**Task goal:** What do the lines say, reproduced word for word, from the first of the entries below through the line bearing "Post 3 by Melissa"?

**Extracted data entries:**
◆ ◆ ◆
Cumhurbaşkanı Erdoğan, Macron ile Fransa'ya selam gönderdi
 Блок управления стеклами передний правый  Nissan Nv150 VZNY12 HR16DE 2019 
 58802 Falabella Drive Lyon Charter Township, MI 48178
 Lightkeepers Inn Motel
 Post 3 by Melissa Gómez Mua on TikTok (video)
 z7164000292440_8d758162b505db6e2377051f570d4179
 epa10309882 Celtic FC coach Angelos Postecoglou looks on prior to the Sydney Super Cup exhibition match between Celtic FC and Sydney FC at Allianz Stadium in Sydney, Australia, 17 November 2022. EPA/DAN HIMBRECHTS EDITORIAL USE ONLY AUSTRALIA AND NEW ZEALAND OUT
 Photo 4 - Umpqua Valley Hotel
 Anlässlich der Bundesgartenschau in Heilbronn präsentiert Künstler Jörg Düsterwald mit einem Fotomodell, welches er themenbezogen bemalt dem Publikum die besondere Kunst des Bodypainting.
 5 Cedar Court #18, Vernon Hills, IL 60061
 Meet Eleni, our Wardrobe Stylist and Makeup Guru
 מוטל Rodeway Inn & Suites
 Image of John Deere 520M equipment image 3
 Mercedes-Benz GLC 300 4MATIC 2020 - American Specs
◆ ◆ ◆
**Answer box:**
Cumhurbaşkanı Erdoğan, Macron ile Fransa'ya selam gönderdi
 Блок управления стеклами передний правый  Nissan Nv150 VZNY12 HR16DE 2019 
 58802 Falabella Drive Lyon Charter Township, MI 48178
 Lightkeepers Inn Motel
 Post 3 by Melissa Gómez Mua on TikTok (video)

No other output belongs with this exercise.